5.23.2005

 

Computers simulating the human brain

Ashes to ashes, brain to disk

From the article:The article leaves out the interesting part -- how this might be done?

Comments:
I have yet to decide whether immortality is worth sacrificing my humanity. I am willing to listen.
 
In my opinion it is important to study the definition of humanity. It appears to be a moving target. For example, people from another era might not consider test tube babies, people with artificial organs, or people with prosthetics to be human. The ability to clearly define a human will continue to become more difficult. At some point we will need to consider the rights of creatures that are not human.

Physical immortality will require us to become beings that in no way resemble modern humans. Contemplating that makes day-to-day decisions seem quaint.
 
" I have yet to decide whether immortality is worth sacrificing my humanity."

Well the alternative is having death forcibly sacrificing your living humanity :)

I agree with Richard. I'm pretty confident that with our track record of anthropomorphizing non-sentient things like Aibos or a flaky computer, once computers develop human-level intelligence (and especially if that intelligence is from a "downloaded" brain), they will also gain human rights.

These rights are the tangible change needed, solidifying unfortunately ambiguous definitions of humanity.
 
Sign me up! By 2030 I hope to be in a new SIT (Sentient and Intelligence Transfer) robotic body. The SIT is a pleasure machine. It will maximize pleasure and physical survival. Hopefully, surviving until the heat death of the universe (or some other cosmological end), with maximum pleasure uninterrupted.
 
I'd be careful about calling such a scheme immortality. It seems to me that uploading a copy of yourself into a computer is roughly akin to building a robot that looks like you, acts like you, is indistinguishable from the real you... Maybe you would appear to be immortal to everyone who knows you, and for them that might be good enough, but you yourself will still sicken and die (assuming some other longevity scheme hasn't come along meanwhile).

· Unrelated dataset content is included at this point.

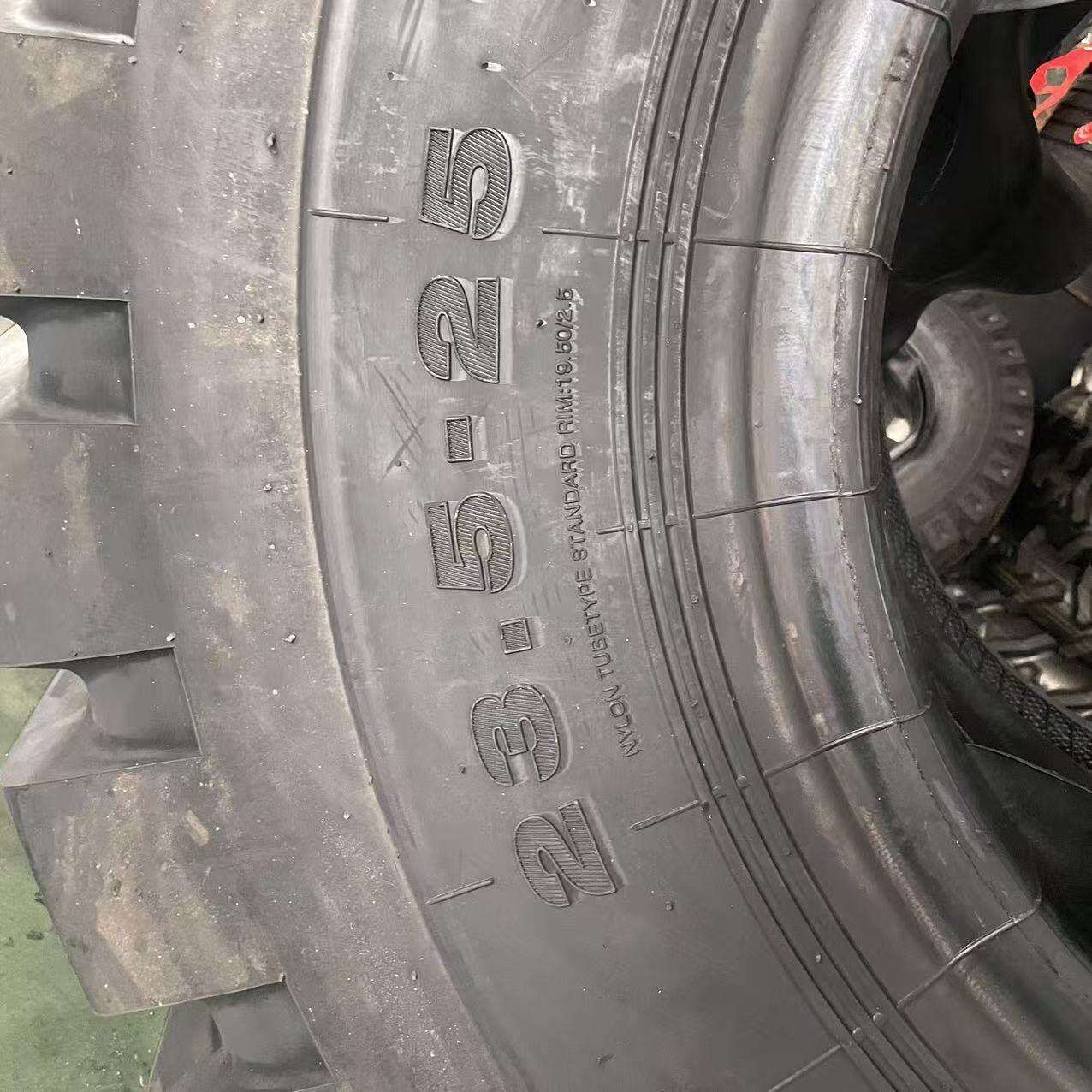 50装载机铲车23.5-25 20.5-25 17.5-25E3/L3含内胎工程轮胎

I'm not talking about souls or anything unquantifiable here, but simple continuity of consciousness. Any scheme that involves making a copy and then discarding the original doesn't qualify. A copy of me is not me, no matter how well it fools my mother.
 
I would only be happy with a neuron-by-neuron transfer.

That, and a continued sense of consciosness.

If, after 1/3 of my neurons are transformed, I feel that I am only "2/3 aware," then I would say, "Stop! And don't do this to anybody else!"

If, however, I feel fine, and I still have a sense of experiencing things, I'd say that soul was able to inhabit a non-carbon based machine, and I'd say, "proceed."

-- Lion
 
Doesn't it all come back to Plato's old argument about the boat? Where does the essence of consciousness go if all pieces are exchanged one at a time? This is a question that still hasn't been answered with some certainty, and it'll be hard for anyone to accept such a mind-transfer until this is resolved.

This is an essential question regarding teleportation as well.